A straightforward methodology (Figure 1) was developed to classify the BSE images for 2D mineral mapping and to measure the classification accuracy. All steps in Figure 1 were performed in Fiji-ImageJ software except for the performance evaluation of classifiers, the confusion matrix, and map evaluation, which were performed in Weka, QGIS, and Clemex Vision, respectively. For the sake of simplicity, the methodology is briefly called “BSE image analysis” throughout the paper. The whole methodology is explained in detail throughout the remaining part of this section.
Data
Acquisition Image Preprocessing
Classifier Performance
Evaluation
Image
Classification Image Postprocessing Accuracy Assessment
Evaluation of 2D maps
Figure 1. The steps in the BSE image analysis.
The BSE images of 1400 particles were acquired at 50 × magnification by FEI-QUANTA SEM operated at 20 kV accelerating voltage. To increase the accuracy of the next classification step, BSE images were preprocessed by removing the noise on them while exposing the boundaries between different objects (mineral surfaces and epoxy). This stage was achieved by successive application of the Kuwahara [36] and sharpen [37]
filters to the BSE images. Kuwahara, an edge-preserving filter, was applied on 5 × 5 pixel-window subregions to remove the noise on the BSE images without blurring the boundaries between different image features.
This optimum window size was selected by judging the qualitative effects of window size on the success of the Kuwahara filter. Then the sharpening filter was applied to expose the object boundaries more by increasing the color contrast in the images. The filter used the following weighting factors of [–1, –1, 1; –1, 12, –1; –1, –1, –1]
to replace each pixel with a weighted average of the 3 × 3 neighborhood. Figures 2a and 2b demonstrate the preprocessed images after successive application of the Kuwahara and sharpen filters, respectively, to a sample BSE image (Figure 2c).
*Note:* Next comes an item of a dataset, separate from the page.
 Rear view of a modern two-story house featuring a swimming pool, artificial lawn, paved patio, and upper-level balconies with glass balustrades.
Prior to classification, the performance of random forest was pair-wise evaluated against some powerful machine learning algorithms (naive-Bayes, support vector machine, k-nearest neighbor, C4.5 decision tree, and logistic regression) to assess the adequacy of random forest for BSE image analysis. These ML algorithms were chosen for comparison because many studies suggest that they can work quite accurately with any type of data different in size and dimension [34, 35, 38–40]. The pair-wise comparisons were made between the accuracy indicators (overall accuracy and kappa statistics) of random forest and each selected algorithm on the training data set chosen from the training images (Figure 3). Each test was conducted using the ’Weka experimenter’
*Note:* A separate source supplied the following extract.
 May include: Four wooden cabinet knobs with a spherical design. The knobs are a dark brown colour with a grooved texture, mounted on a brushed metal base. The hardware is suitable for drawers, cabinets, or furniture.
tool embedded in the Weka segmentation toolbox. The tool initially performed repeated classifications of
the training data set with all ML algorithms, simply by splitting 10 equal-sized subsets of the whole data
into new training sets and unknown data sets. This resampling technique, called 10-fold cross-validation, is
favored in data science as it provides acceptable variance, low bias, and low computational cost while evaluating the performance of a predictive model [41]. After classification with ML algorithms, two-tailed t-tests were performed between the mean kappa statistics or overall accuracies of each algorithm and random forest. The null hypothesis of each test was that the selected indicators of the ML algorithm and random forest were equal.
The null hypothesis was rejected when the P-value of the test was lower than the significance level of 0.05.
However, when the difference between the two tested algorithms was statistically significant, the algorithm with higher overall accuracy and kappa statistic was concluded to perform more accurate classification.
Figure 2. The successive application of the Kuwahara (a) and sharpen (b) filters to a sample image (c).
Figure 3. Training feature extraction for the classification of BSE images.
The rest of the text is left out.